As a boy, Kassa was drawn to making art out of things he found or objects that had been recycled. He worked for his father building fences for the animals they raised and in his spare time he fashioned seats and benches out of bamboo and created miniature houses from cardboard and twigs. He now works wherever he goes, “balancing” he calls it, with rocks, sticks, and many other interesting items that he comes across.

Backyard Opus

Eight years ago, with the permission of his laid-back landlord, Kassa began to create the opus in his front and backyard. Over the years, his garden has crept into the next-door neighbour’s yard and onto the road in front of his house. The intricate mass of old toys, wood-carvings, ice sculptures, woven stick furniture and bicycle parts almost defies description. All of the pieces are found or made and it is a testament to the efficacy of recycling. “You won’t believe what people throw out,” Kassa observes. Even water for the ice sculptures is collected in buckets from the eavestroughs. Nothing in the garden is thrown out, it is just moved into the background or foreground.

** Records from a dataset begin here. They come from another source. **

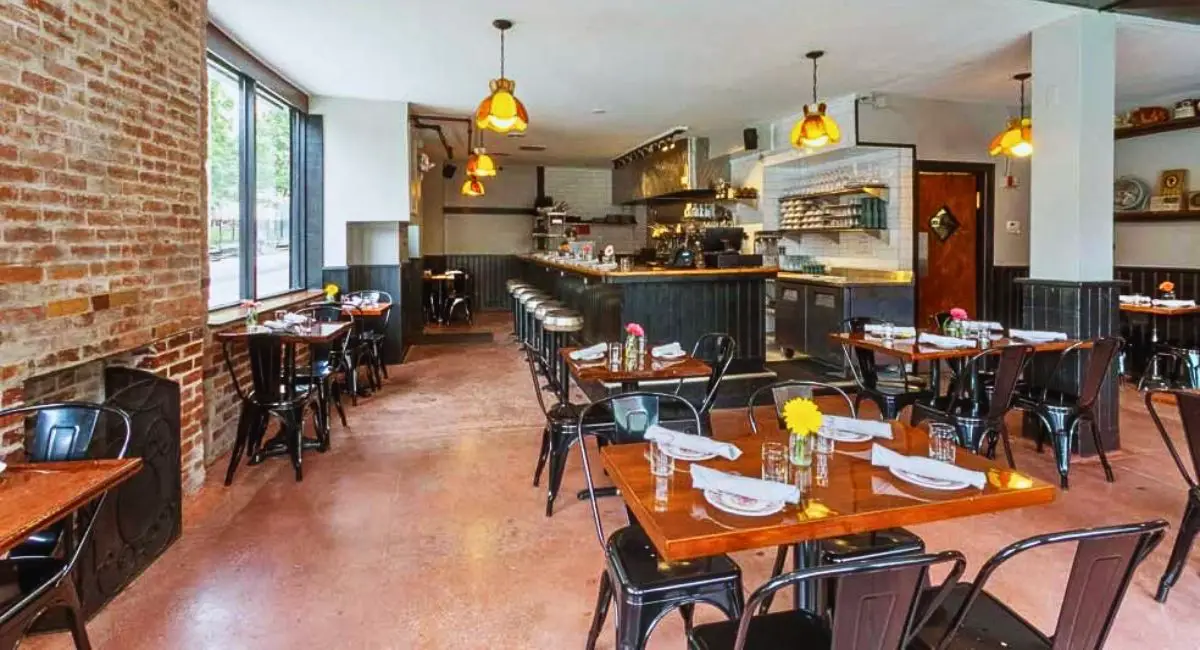 dining area at Alyce in Jersey City, New Jersey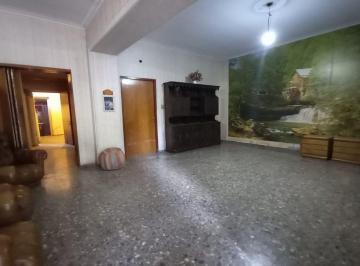 Casa · 165m² · 6 Ambientes · 1 Cochera · Venta Casa en Guaymallen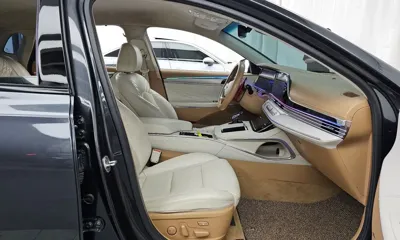 Hyundai Grandeur 2020, 182759 км, за 10986.15 USD - фото 11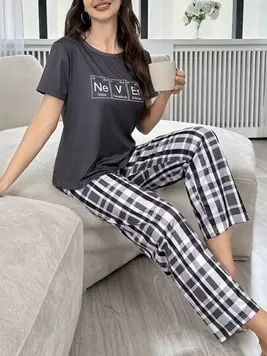 Oferta de Conjunto De Pijama De Mujeres De Verano Con Camiseta Estampada De Letras Y Pantalones Largos Estampados De Cuadros, Adecuado Para Verano por $95.9 en SHEIN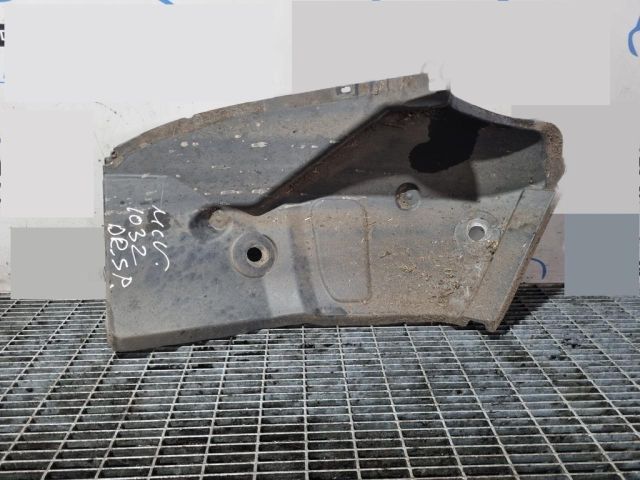 bontott DACIA LOGAN Jobb hátsó Dobbetét (Kerékjárati, Műanyag)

“Basically, the garden changes everyday,” says Kassa.” It changes with the weather.” In the winter, he makes large hollow cylinders of ice, in which he places candles. At night, his garden glows and creates an aura that is incredibly magical. Around the perimeter of the garden, he has built a five-foot ice wall with strange spiky ice creatures mounted on top using the bucket/eavestrough technique. “I see faces of people, bugs and animals in the ice or in wood. Nature makes it. I carve it out and bring it for people to see.”

Free Form Ice Sculpture

This winter, Kassa also made a slide for the next-door neighbour’s dog to play on, and a cairn gateway on the road made out of the broken pieces of snow and ice left by the ploughs. Flanking the cairns are two large fish made out of packed snow. Kassa is inspired by whatever the weather brings him. “When it first snows, it is so beautiful because you can step out into something new. You don’t know what it will turn out to be.”

So far, Kassa has received a great deal of encouragement and support from his community.” It makes people slow down and laugh,” he says about his yard. “When I light the candles at night everyone comes out and waves to me.”

The garden brings a lot of joy to visitors and neighbours, but Kassa is driven by a deeper purpose to connect his Caribbean heritage to his Canadian home. “People come here [from different countries] and they do different stuff. Some like to sweep their sidewalk or have different plants, but this is what I bring from the islands. We all have something. This is in me.”

Kassa’s work has been featured in The Globe and Mail and The Toronto Star. He has also shown his work at the Harbourfront Centre.